**Exercise description**
Each entry below should appear again exactly as written, without pictures.

**Captioned web images**
━━━

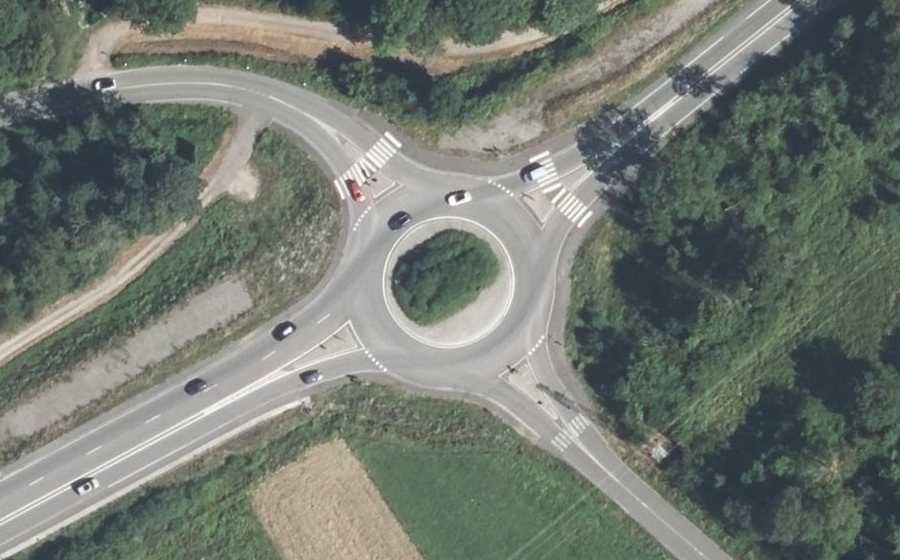 Vue aérienne du Rond-point anonyme n°175654351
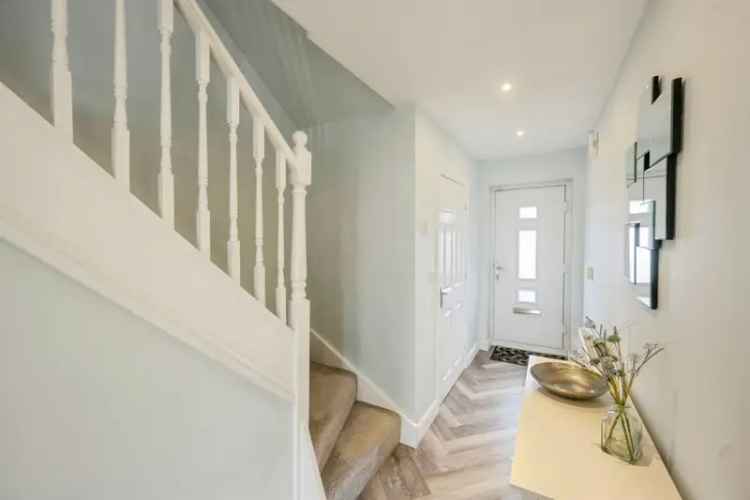 4 Bed Detached House with Garage and Garden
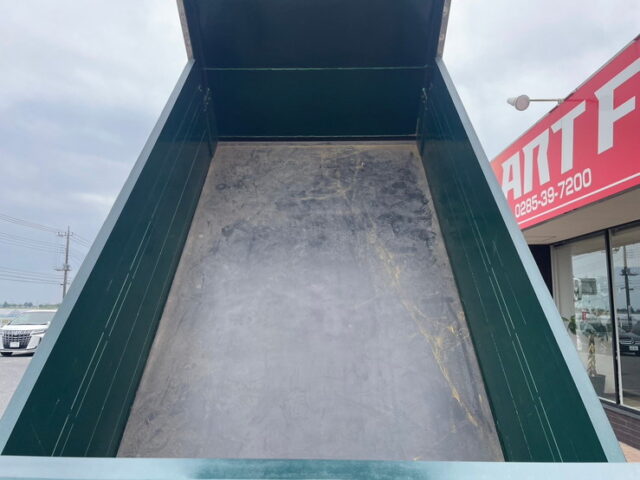 H4 エルフ　ダンプ　５MT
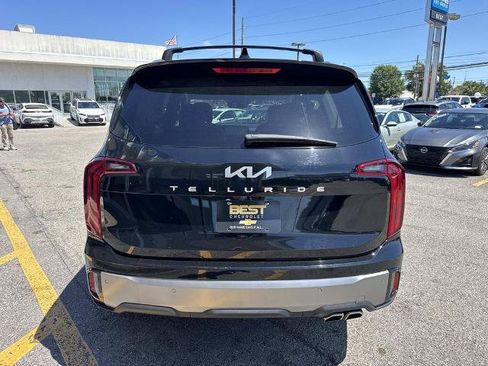 Used 2024 Kia Telluride S FWD image 7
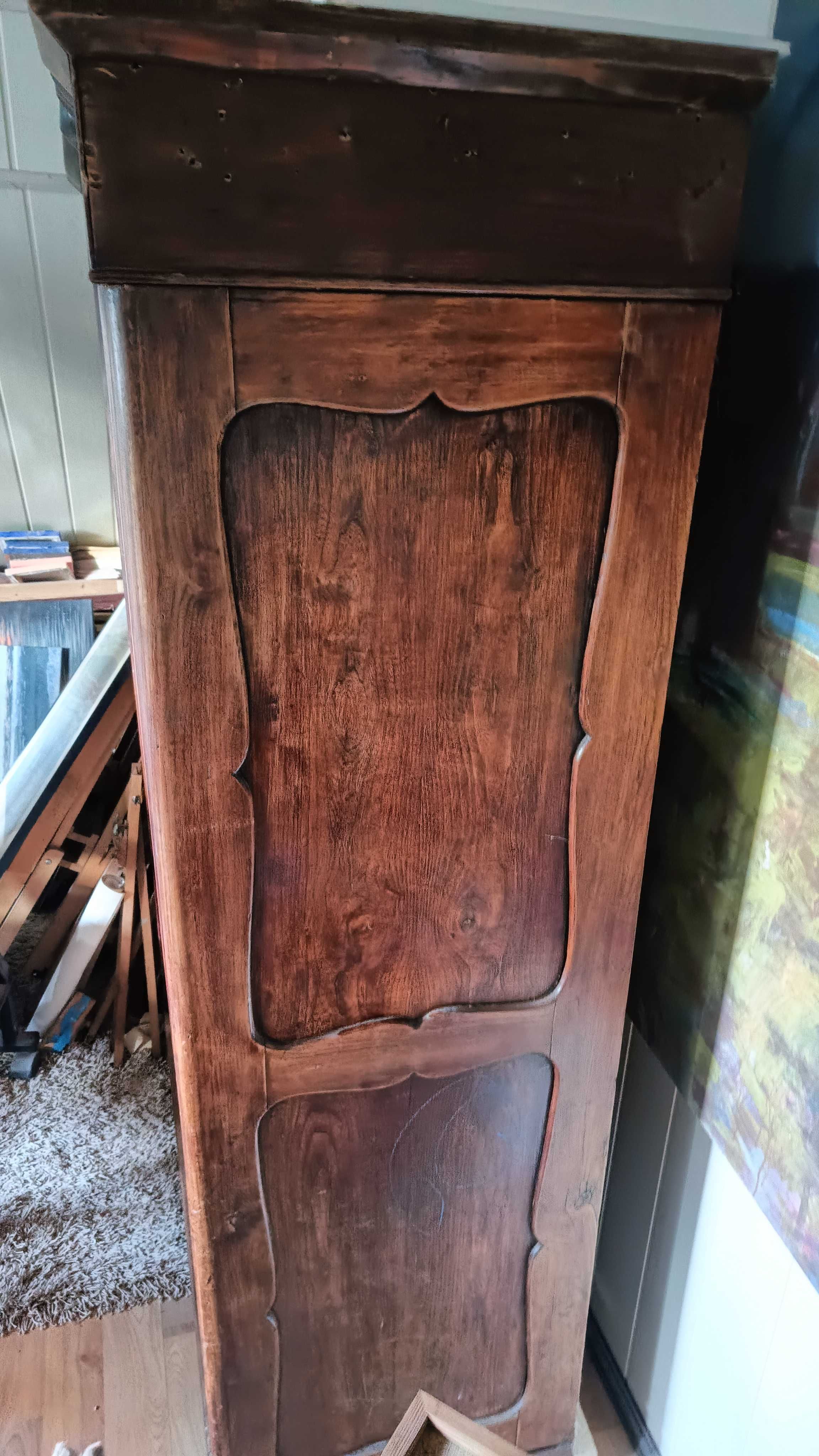 Szafa drewniana z szufladą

━━━

**The completed task**
 Vue aérienne du Rond-point anonyme n°175654351
 4 Bed Detached House with Garage and Garden
 H4 エルフ　ダンプ　５MT
 Used 2024 Kia Telluride S FWD image 7
 Szafa drewniana z szufladą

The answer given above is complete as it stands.